====== MATERIAL SUPPLIED ======
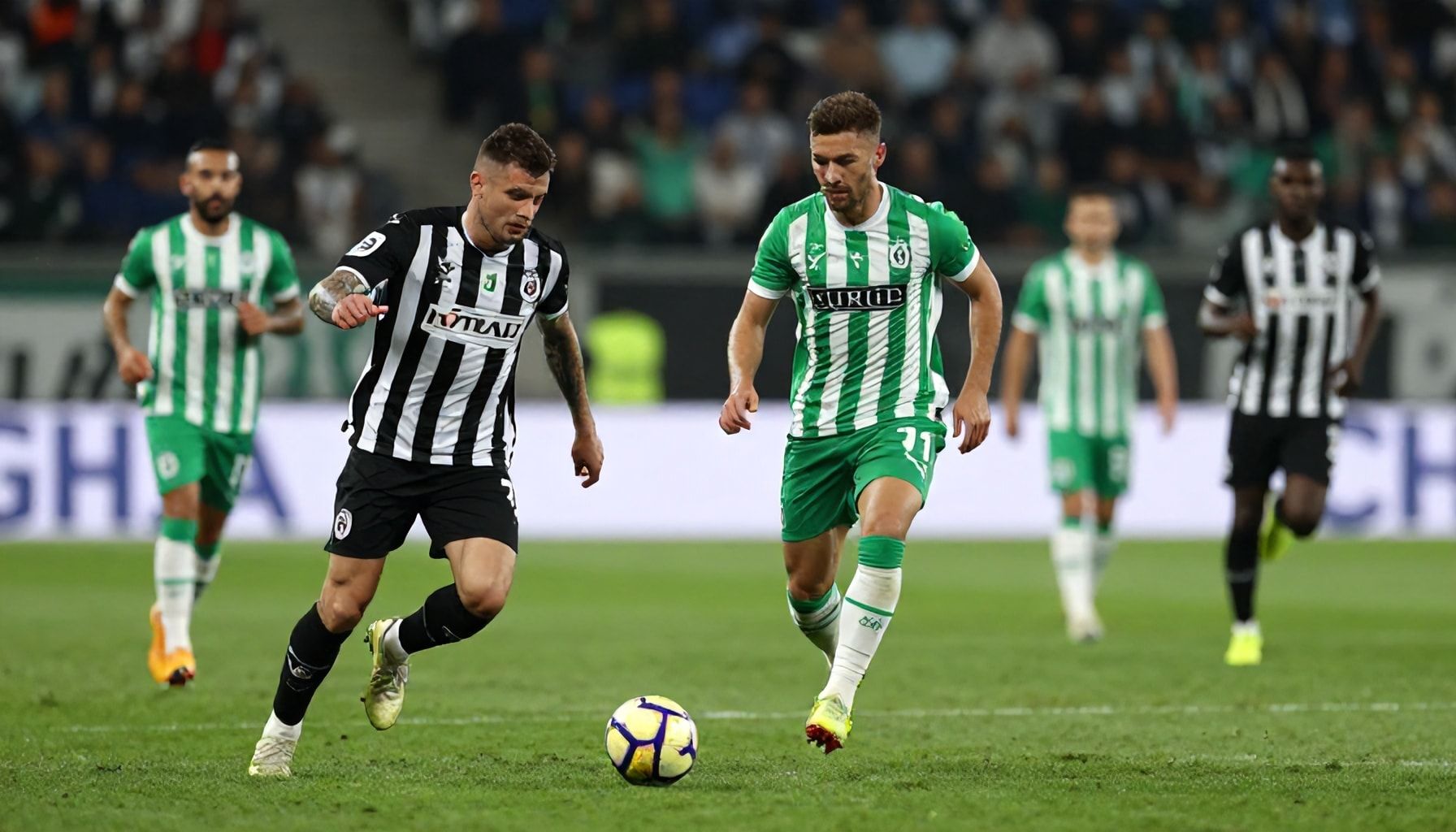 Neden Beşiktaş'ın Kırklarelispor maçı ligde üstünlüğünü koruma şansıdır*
======
====== MATERIAL SUPPLIED ======
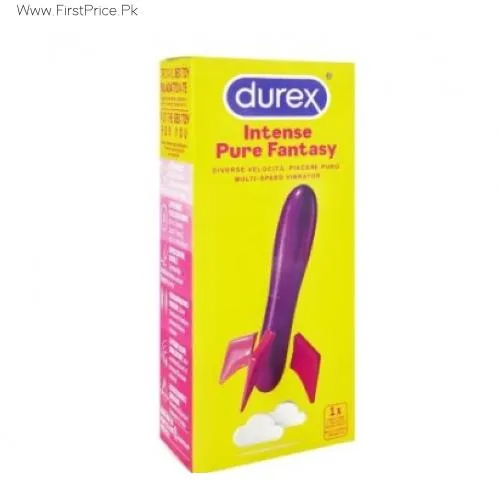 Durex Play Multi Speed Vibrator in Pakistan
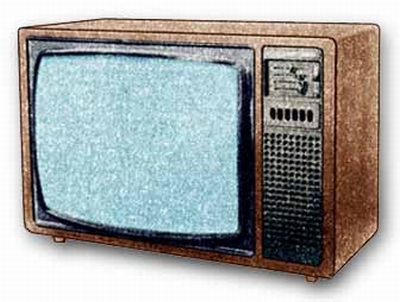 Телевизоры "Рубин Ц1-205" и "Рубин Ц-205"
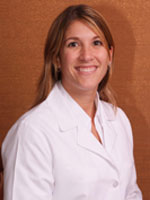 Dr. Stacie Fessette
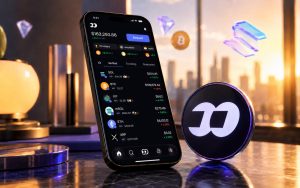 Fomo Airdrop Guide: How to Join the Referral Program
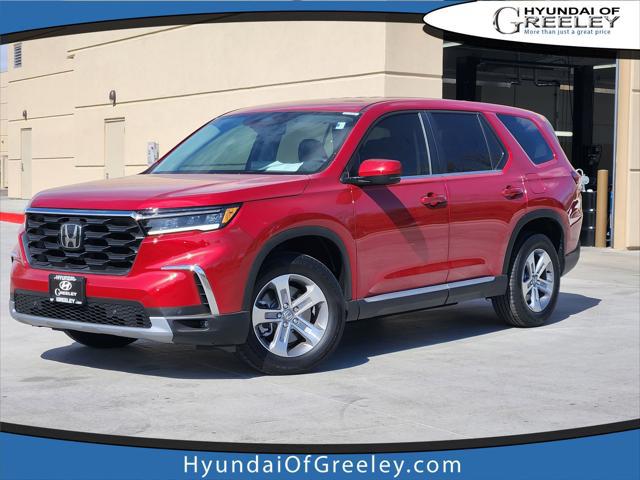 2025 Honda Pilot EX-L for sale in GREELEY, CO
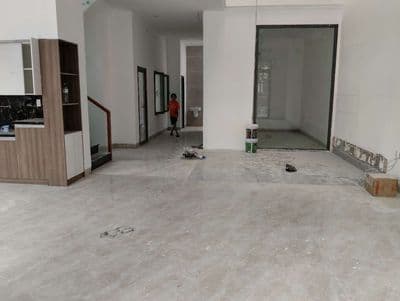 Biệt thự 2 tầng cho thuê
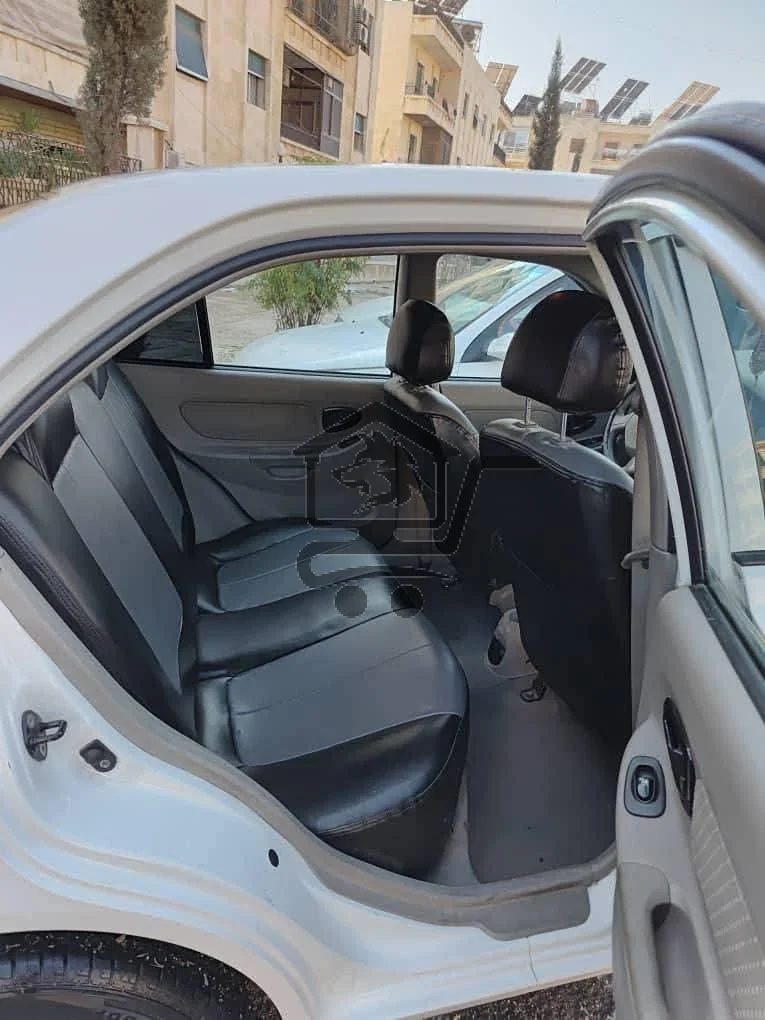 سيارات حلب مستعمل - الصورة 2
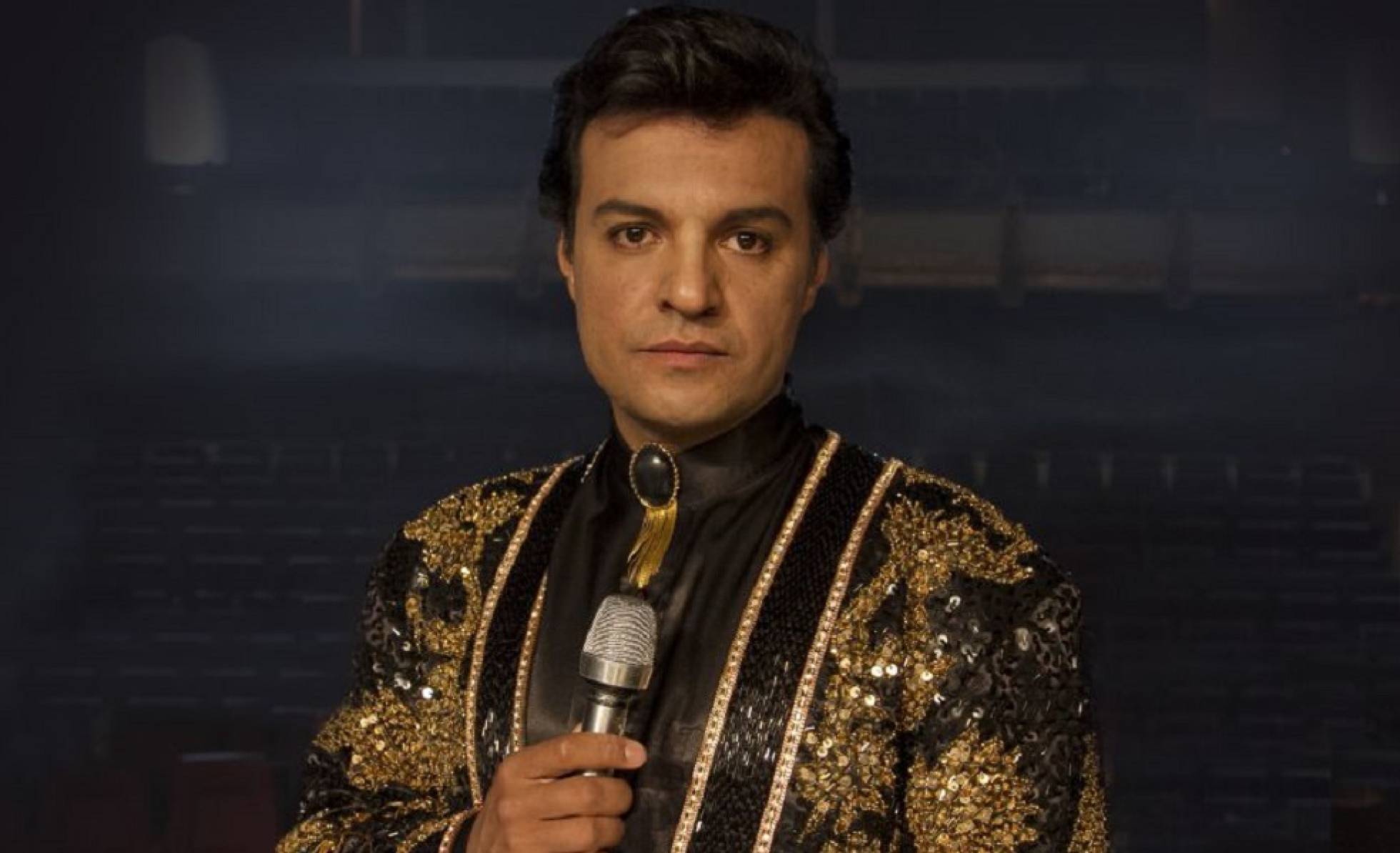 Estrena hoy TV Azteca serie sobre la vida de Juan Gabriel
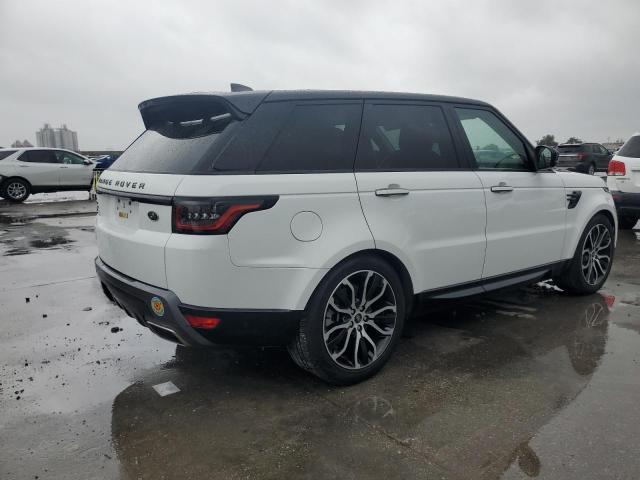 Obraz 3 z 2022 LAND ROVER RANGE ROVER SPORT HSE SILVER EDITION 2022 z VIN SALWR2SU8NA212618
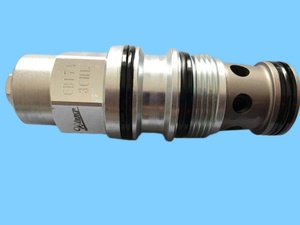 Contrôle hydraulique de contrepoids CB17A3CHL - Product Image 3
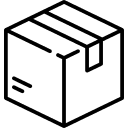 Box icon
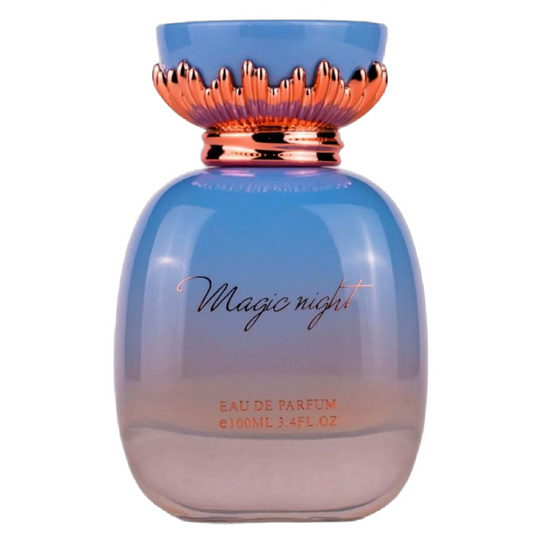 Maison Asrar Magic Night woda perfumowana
======
Everything above from the line with "Dr. Stacie Fessette" through the line with "Maison Asrar Magic Night woda perfumowana" should be retyped exactly, and nothing else; omit pictures.

RESULT OF THE TASK ->
 Dr. Stacie Fessette
 Fomo Airdrop Guide: How to Join the Referral Program
 2025 Honda Pilot EX-L for sale in GREELEY, CO
 Biệt thự 2 tầng cho thuê
 سيارات حلب مستعمل - الصورة 2
 Estrena hoy TV Azteca serie sobre la vida de Juan Gabriel
 Obraz 3 z 2022 LAND ROVER RANGE ROVER SPORT HSE SILVER EDITION 2022 z VIN SALWR2SU8NA212618
 Contrôle hydraulique de contrepoids CB17A3CHL - Product Image 3
 Box icon
 Maison Asrar Magic Night woda perfumowana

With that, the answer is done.